/wordPredictor

Library for predicting the next word based on the previous.

Primary LanguagePythonMIT LicenseMIT

Word Predictor

Predicts your next word. Can be used for predictive typing as seen in the SwiftKey keyboard and iOS QuickType.

Usage

Create an instance of WordPredictor and start training it by providing it sample text. After training, the next term can be predicted by calling the predict() method with the preceding phrase. The predict() method returns a Patricia-trie of the words, making it possible to perform fast prefix lookup.
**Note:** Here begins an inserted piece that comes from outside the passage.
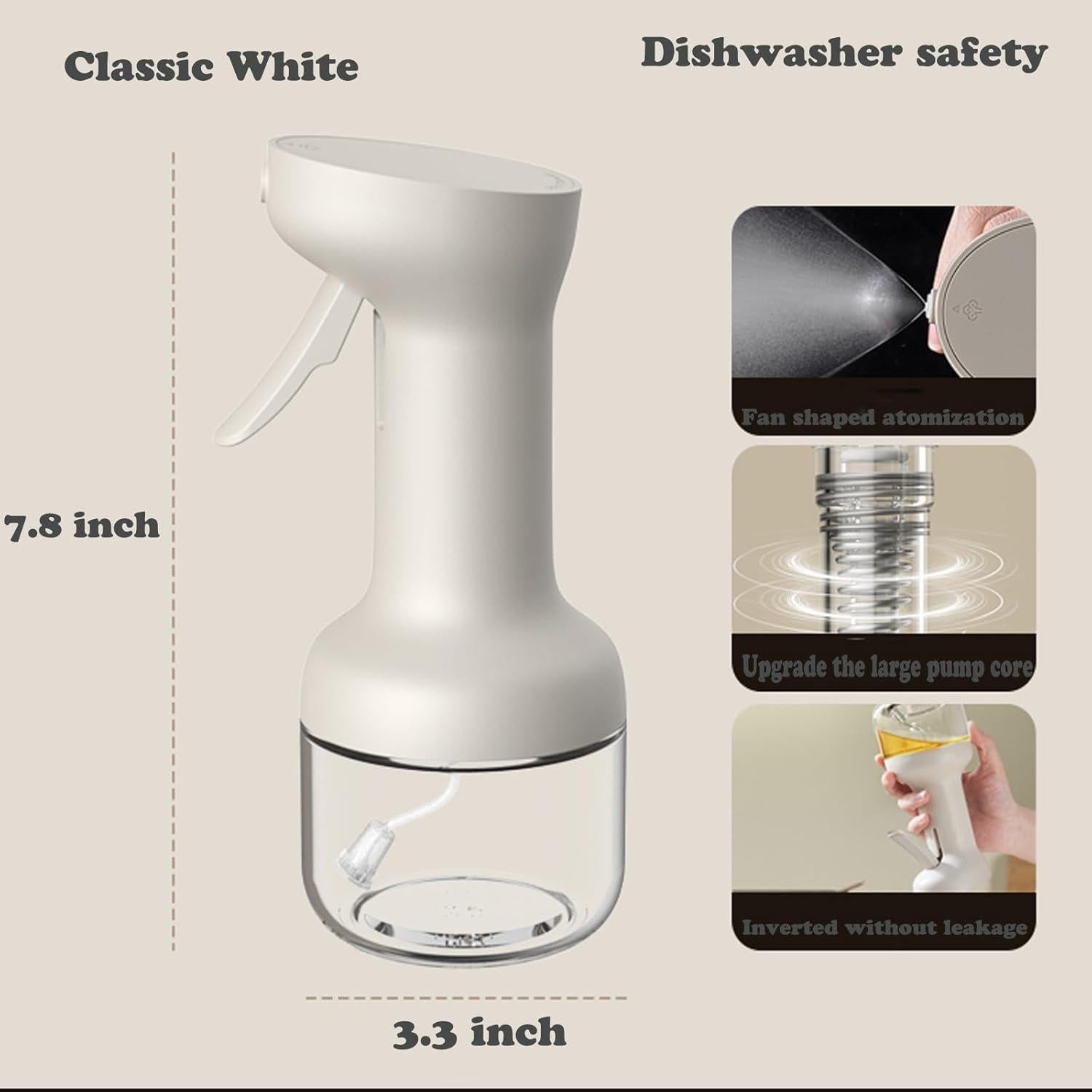 Rociador de Aceite de Oliva Povinmos 280ml Blanco Hermético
The following shows how to train the predictor with the Gutenberg corpus provided by NLTK and predict three terms based on the user input:

from word_predictor.word_predictor import WordPredictor
import nltk

wp = WordPredictor()
for corpus in nltk.corpus.gutenberg.fileids():
    wp.learn_from_text(nltk.corpus.gutenberg.raw(corpus))
print "Ready"
while True:
    phrase = raw_input()
    print wp.predict(phrase).terms()[0:3]

How it works

The predictor learns a n-th order Markov chain based on the training data. It stores a phrase-term sparse matrix of term sequence frequencies, with rows representing the n previous terms and columns representing the following term. The dimension of the matrix is V^OxV, where V is the size of the vocabulary and O the order of the markov chain. When a word is to be predicted, the probability:

P(Xn+1|Xn,Xn-1,...,Xn-O+1)

is calculated by estimating the joint probabilities from the frequencies in the training data.

Hashing

Each term in the vocabulary is associated with an index starting from 0. Every time a new term is found, its id is the previous id incremented by one. To convert a sequence of terms into a phrase-term matrix index, the following hash function is used: Matrix index for phrase sn sn-1 ... s0, where si is the term at index ì, is calculated as:

sum(i=0..n) (index(s_i) + V^i)

Where V is the length of the vocabulary.

Known Issues

Bad Hash Function

The size of the range of the hash function is V^O, which, even with a relatively small vocabulary size and Markov chain order, causes some indices to be unrepresentable by a 32-bit integer. This induces memory errors in the SciPy library. A solution could be to make the assumption that the probabilities are independent, and then calculate the joint probabilities instead of measuring them, reducing the matrix dimensions to V*O.

Future Work

Context-based suggestions

The ability to specify different contexts (such as email, sms, specific contacts, etc.) and retrieve predictions based on that context.